Gab es Kontakte zwischen Sea Watch und Schleppern? 

Es ist Dienstagabend. Auf dem Sender Rete 4 im italienischen Fernsehen läuft die Talkshow „Quarta Repubblica“. Gezeigt wird ein fünfminütiger Film. Der Inhalt ist brisant. Zu sehen sind Migranten an Bord eines Schlepperboots. Die Stimmung ist ausgelassen. Rufe und Musik sind zu hören. Einige rufen zu Hause an, sagen, dass sie bald in Europa seien. Es werden Videos verschickt. Ein Migrant erzählt, dass zwei Videos üblich seien. Eines würde die Abfahrt aus Zuwara in Libyen zeigen, das andere dokumentiere die Ankunft in Italien, um zu verdeutlichen, dass alles glatt gelaufen sei. Die Aufnahmen stehen im krassen Kontrast zu den Bildern, die man etwa aus der deutschen Panorama-Dokumentation über die Arbeit der „Seenotretter“ von Sea Watch kennt. 
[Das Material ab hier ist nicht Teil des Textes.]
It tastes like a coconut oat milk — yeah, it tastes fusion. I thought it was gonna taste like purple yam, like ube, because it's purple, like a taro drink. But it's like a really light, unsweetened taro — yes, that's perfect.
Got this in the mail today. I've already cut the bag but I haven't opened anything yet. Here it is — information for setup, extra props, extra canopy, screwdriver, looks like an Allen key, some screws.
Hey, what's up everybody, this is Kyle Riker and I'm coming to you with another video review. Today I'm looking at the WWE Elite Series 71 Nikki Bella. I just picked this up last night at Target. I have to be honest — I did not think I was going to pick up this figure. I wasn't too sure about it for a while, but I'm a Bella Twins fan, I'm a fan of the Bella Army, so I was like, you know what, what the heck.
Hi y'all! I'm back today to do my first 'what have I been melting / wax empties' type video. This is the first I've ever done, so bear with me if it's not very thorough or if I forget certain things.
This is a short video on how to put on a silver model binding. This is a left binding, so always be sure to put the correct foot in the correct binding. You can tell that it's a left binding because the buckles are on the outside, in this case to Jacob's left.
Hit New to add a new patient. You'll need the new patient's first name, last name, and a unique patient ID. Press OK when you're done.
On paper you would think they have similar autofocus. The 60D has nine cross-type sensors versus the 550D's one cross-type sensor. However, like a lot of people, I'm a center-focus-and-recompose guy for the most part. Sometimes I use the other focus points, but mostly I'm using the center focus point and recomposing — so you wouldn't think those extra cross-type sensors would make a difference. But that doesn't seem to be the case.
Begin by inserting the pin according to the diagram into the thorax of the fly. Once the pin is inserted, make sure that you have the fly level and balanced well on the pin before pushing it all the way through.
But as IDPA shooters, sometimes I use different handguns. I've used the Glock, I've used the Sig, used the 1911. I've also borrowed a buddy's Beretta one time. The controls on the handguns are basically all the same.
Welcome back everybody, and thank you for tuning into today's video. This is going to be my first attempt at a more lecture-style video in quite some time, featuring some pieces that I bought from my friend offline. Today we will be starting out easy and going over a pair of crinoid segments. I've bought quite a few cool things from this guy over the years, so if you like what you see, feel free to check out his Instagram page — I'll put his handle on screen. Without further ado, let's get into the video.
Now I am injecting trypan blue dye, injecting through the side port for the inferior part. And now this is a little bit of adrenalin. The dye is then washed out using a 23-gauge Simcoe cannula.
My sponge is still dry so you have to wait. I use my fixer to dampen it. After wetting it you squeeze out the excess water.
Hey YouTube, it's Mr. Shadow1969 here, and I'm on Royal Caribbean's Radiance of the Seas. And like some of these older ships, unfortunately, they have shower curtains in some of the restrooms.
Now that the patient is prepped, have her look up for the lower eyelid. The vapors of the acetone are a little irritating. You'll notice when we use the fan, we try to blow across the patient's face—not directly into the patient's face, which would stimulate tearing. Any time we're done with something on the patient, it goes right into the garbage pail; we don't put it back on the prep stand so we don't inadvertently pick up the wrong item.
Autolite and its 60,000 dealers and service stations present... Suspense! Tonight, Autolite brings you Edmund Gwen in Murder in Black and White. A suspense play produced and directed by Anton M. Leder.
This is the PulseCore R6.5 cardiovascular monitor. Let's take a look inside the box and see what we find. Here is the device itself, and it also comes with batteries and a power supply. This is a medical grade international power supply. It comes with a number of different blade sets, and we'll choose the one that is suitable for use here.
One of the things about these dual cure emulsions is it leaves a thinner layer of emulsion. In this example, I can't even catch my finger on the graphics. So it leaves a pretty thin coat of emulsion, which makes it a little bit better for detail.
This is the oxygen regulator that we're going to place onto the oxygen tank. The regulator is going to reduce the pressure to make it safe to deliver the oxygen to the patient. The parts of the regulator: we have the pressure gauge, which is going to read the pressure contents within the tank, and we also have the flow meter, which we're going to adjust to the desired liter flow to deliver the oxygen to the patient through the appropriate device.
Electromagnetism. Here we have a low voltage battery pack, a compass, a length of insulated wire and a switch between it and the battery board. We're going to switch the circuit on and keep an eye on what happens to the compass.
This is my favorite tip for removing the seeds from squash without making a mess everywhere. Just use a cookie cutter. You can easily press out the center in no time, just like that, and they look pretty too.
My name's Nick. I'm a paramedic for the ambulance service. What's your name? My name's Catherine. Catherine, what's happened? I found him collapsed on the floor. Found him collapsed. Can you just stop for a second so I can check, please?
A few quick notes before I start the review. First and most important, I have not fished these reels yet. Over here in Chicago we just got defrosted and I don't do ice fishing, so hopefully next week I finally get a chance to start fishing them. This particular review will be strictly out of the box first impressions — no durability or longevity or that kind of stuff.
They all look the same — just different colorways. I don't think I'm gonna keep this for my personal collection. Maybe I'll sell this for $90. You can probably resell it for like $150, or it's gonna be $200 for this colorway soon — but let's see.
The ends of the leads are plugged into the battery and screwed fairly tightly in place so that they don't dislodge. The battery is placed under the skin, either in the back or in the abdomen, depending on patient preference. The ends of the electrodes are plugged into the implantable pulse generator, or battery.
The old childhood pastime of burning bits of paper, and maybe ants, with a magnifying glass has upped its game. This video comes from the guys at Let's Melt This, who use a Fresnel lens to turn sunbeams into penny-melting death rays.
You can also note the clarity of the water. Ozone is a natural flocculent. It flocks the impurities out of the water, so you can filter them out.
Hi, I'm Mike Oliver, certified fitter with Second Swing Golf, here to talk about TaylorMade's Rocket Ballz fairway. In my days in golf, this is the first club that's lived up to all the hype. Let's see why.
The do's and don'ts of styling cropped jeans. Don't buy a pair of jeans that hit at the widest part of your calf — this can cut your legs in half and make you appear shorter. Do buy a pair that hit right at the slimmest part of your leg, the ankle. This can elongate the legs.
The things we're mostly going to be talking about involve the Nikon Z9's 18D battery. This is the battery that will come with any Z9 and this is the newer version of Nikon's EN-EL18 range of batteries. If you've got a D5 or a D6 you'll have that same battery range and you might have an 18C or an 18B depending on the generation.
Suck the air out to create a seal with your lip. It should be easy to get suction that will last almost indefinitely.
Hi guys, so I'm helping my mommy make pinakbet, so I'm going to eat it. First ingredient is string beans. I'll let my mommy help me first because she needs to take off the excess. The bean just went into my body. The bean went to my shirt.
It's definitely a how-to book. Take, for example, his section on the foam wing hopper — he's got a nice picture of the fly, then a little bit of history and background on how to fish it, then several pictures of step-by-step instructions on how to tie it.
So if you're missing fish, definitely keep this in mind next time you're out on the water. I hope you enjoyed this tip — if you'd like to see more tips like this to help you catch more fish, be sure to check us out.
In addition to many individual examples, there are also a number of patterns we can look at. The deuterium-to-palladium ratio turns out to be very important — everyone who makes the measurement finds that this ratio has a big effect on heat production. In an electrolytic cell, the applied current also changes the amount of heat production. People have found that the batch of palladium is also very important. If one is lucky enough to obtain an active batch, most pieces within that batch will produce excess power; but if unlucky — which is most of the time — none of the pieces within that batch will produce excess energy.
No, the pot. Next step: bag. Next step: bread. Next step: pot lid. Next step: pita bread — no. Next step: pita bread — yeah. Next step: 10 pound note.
Doch das ist längst nicht alles. „Die (libysche) Mafia besticht die libyische Polizei, so dass sie die Boote nicht aufhalten,“ so der Mann weiter. Die Boote seien am Strand von den Behörden gesichtet worden. Durch das getroffene Abkommen sei aber nichts passiert. Der junge Libyer, der selbst vor wenigen Wochen Italien erreicht hat, nennt auch den Namen eines Kontaktmannes: Lokman Zwari. Auf Facebook organisiere er in einer geheimen Gruppe Überfahrten von Libyen nach Italien. Und: „Als ich ihn fragte, ob die Überfahrt sicher sei, sagte er: Ja, er arbeite mit Schiffen zusammen, die Leute aus dem Mittelmeer retteten. Er hat gesagt, davon gebe es viele.“

Anders als die Journalisten in Deutschland hakt die italienische Journalistin nach: Der Kontaktmann hat gesagt, dass er mit den Seenotrettern im Mittelmeer in Verbindung stehe? „Ja, ja, er hat gesagt, er sei mit vielen Schiffen von Seenotrettern in Kontakt. Sea-Watch und viele andere, deren Namen ich nicht mehr weiß.“ Er würde die Orte kennen, an denen diese Schiffe warteten, wie etwa Sea-Watch. Wenn irgend etwas passieren würde, dann meldete er das bei Sea-Watch. Auf seinem Handy hätte er ihm viele Telefonnummern von verschiedenen Organisationen gezeigt. „Etwa vier oder fünf Nummern. Darunter die von Sea-Watch.“ (Siehe auch hier)

Seit einiger Zeit wird über geheime Absprachen zwischen den „Seenotrettern“ der europäischen NGOs und Schleppern spekuliert. Den Stein in Deutschland ins Rollen brachte die Beschlagnahmung der Iuventa vor zwei Jahren. Von 2016 bis 2017 nahm die Iuventa laut Aktivistin Pia Klemp rund 14.000 Migranten und Flüchtlinge auf, die anschließend an größere Schiffe übergeben wurden. 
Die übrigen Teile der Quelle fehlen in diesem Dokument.